Influenza A virus is responsible for annual seasonal epidemics but occasionally causes pandemics with devastating outcome. The virus is also capable of zoonotic infections, in other words, it gets transmitted from animals to humans.
Disease severity ranges from mild trachea-bronchitis to life-threatening pneumonia and depends on the regions of the respiratory tract that are infected. Virus localisation in the upper respiratory tract system is associated with high transmissibility while infection of the lower tract is usually more severe.
Overall, the reproductive fitness of the virus seems to define disease severity and hence influence the size of the epidemic or pandemic. Strong selective pressures acting within hosts and at the population level are responsible for this and eventually shape tissue tropism. The aim of the EU-funded INFLUENZA TROPISM (Evolutionary determinants of influenza virus pathogenesis and tissue tropism) project was to characterise these selective pressures.
The consortium worked under the hypothesis that transmission constraints and pre-existing immunity determine the tissue tropism patterns of this virus. This in turn drives the evolution of novel influenza virus variants. To validate this, scientists analysed the experimental evolution of influenza virus H1N1 taken from nose or lung in ferrets under different selective pressures.
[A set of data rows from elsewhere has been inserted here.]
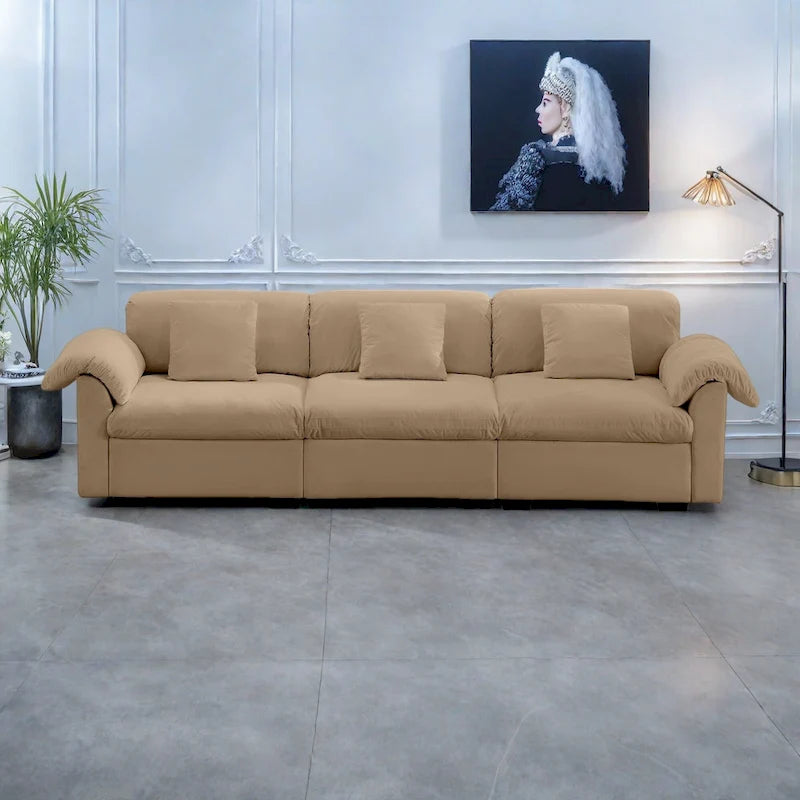 Velvet 4-Seater Sofa with Storage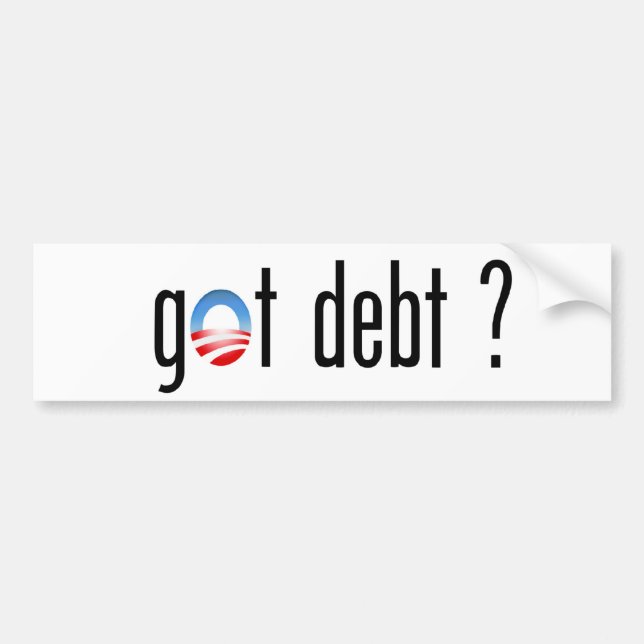 Autocollant De Voiture Obama a obtenu la dette ? (Devant)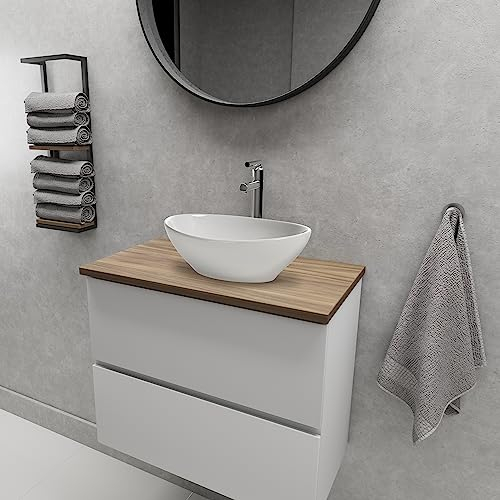 NEG Design Aufsatz Waschbecken Uno37A schöne hohe Waschschale in reinweiß, Nanoversiegelung, ohne Überlauf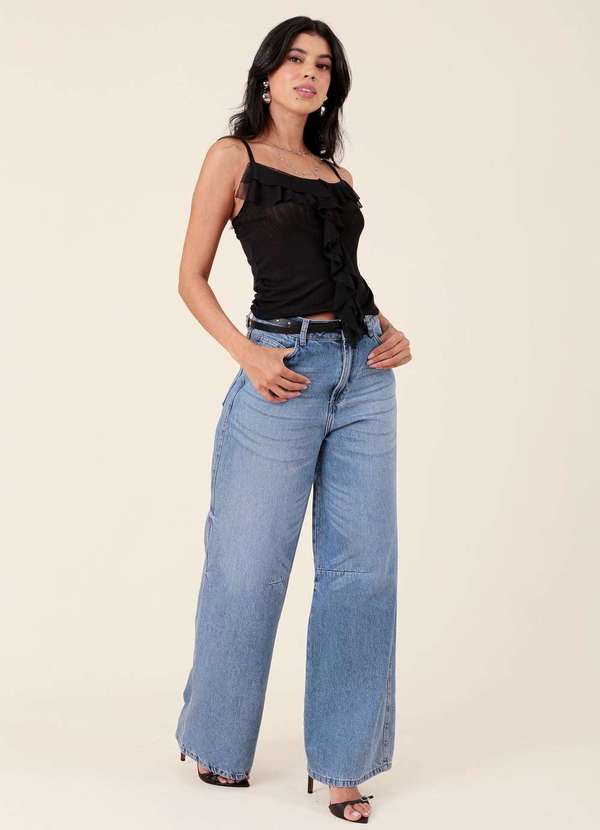 Pop Me - Calca Jeans Skate Azul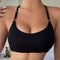 Women Ribbed Backless Wireless Bra Solid Color Breathable Underwear 2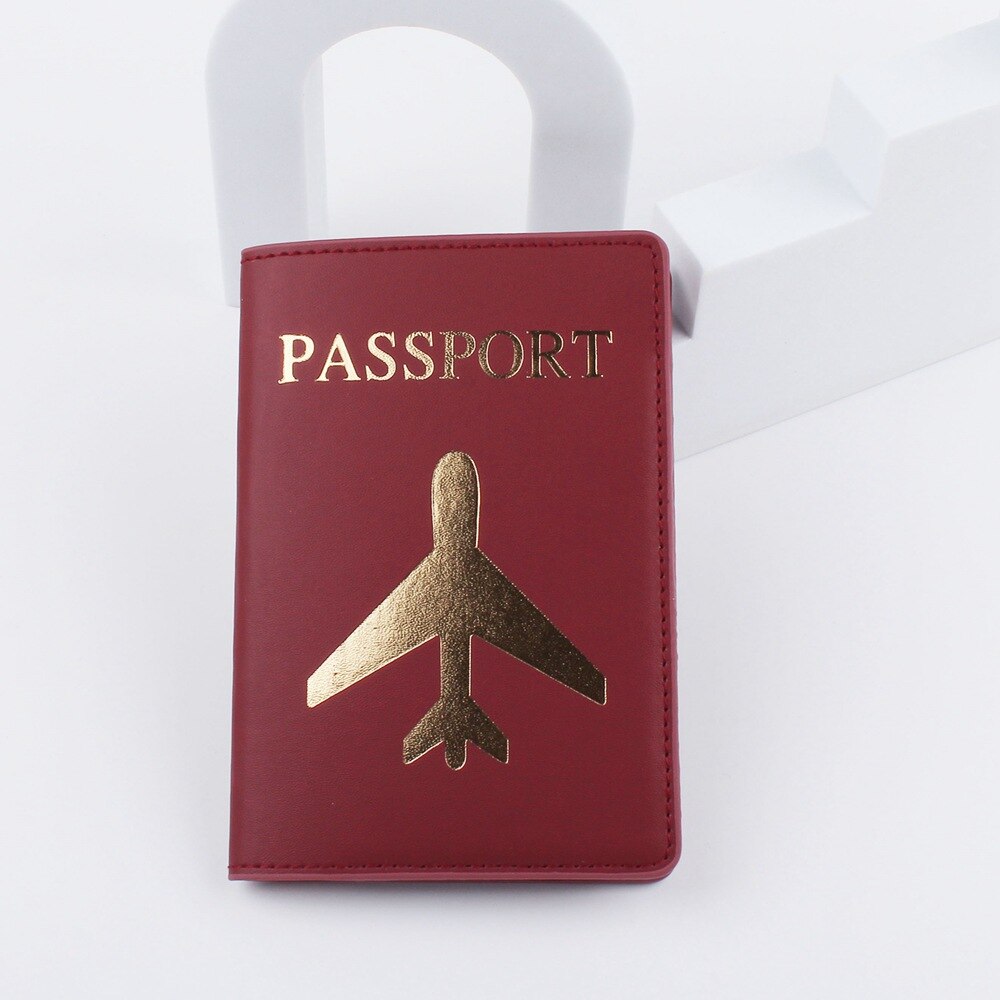 PU Leather World Map Travel Passport Cover Women Passport Holder Case for Men Travel Document Credit Card Case: C Wine Red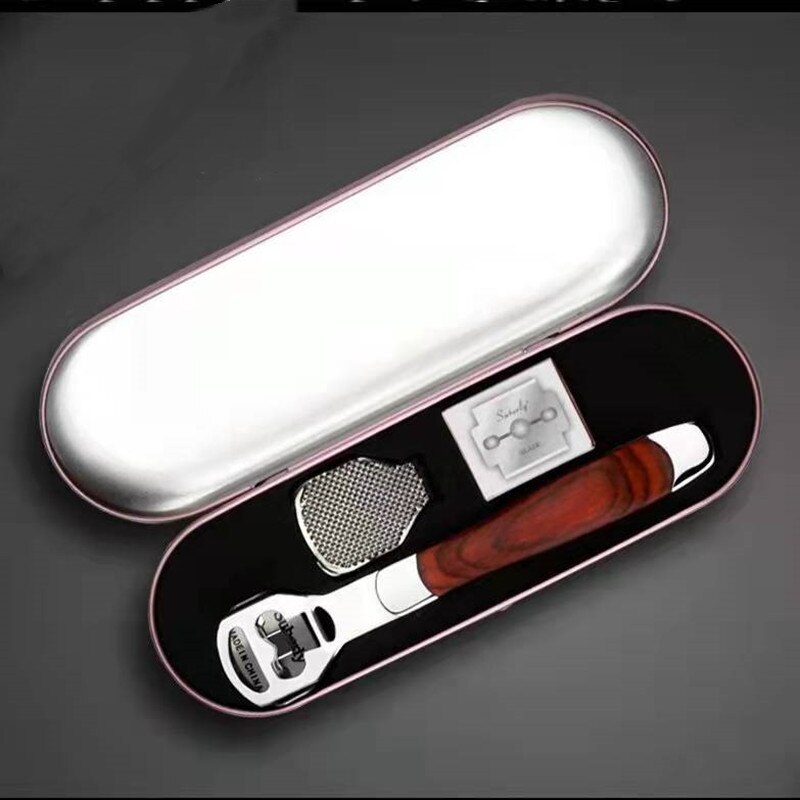Rasoir en acier inoxydable pour callosités des pieds, dissolvant de peau dure au talon, mains et pieds, outil de pédicure avec 10/20 lames, lime de soins des pieds: with Box 2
Researchers found rapidly occurring changes in the tissue tropism of viruses passaged in the upper respiratory tract of ferrets. This was also associated with a more severe phenotype than viruses passaged in the lower respiratory tract of ferrets.
Pandemic viruses are faced with little pre-existing immunity compared to seasonal influenza viruses, which encounter significant immunity. Researchers investigated the tropism patterns of pandemic influenza viruses and their seasonal descendants in experimental ferrets. They found that pandemic influenza viruses caused a more severe phenotype than their seasonal descendants clearly indicating that herd immunity acts as a strong selective pressure. These observations were validated through mathematical modelling approaches capable of predicting the evolution of influenza virus tissue tropism.
The INFLUENZA TROPISM study findings could be exploited to support measures and policy decisions for alleviating the public health threat continuously posed by influenza A viruses.